> What is expected:
From the line that includes "Browntrout Teckel Kalender 2026" down to the final line of the data below, copy every line exactly and leave the rest out.

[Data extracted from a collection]
====
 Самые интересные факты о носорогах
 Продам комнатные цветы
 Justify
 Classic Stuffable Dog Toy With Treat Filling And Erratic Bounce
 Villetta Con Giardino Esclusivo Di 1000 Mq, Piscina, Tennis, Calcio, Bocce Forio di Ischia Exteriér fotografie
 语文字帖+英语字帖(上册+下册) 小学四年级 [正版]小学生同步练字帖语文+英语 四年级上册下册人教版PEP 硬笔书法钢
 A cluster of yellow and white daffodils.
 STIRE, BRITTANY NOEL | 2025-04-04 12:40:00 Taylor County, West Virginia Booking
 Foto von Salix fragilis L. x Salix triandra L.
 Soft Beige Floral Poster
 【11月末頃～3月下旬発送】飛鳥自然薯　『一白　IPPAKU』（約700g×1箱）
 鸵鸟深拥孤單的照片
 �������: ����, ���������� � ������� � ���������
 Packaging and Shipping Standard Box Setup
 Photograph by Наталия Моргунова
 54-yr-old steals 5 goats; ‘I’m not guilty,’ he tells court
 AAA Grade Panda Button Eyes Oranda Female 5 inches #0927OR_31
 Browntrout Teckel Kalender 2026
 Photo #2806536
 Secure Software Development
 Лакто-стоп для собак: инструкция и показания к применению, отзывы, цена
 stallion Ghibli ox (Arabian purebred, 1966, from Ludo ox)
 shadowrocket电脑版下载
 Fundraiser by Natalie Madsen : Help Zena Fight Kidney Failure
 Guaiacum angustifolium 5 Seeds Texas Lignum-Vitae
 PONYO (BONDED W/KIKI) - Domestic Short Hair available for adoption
====
> Expected output:
 Browntrout Teckel Kalender 2026
 Photo #2806536
 Secure Software Development
 Лакто-стоп для собак: инструкция и показания к применению, отзывы, цена
 stallion Ghibli ox (Arabian purebred, 1966, from Ludo ox)
 shadowrocket电脑版下载
 Fundraiser by Natalie Madsen : Help Zena Fight Kidney Failure
 Guaiacum angustifolium 5 Seeds Texas Lignum-Vitae
 PONYO (BONDED W/KIKI) - Domestic Short Hair available for adoption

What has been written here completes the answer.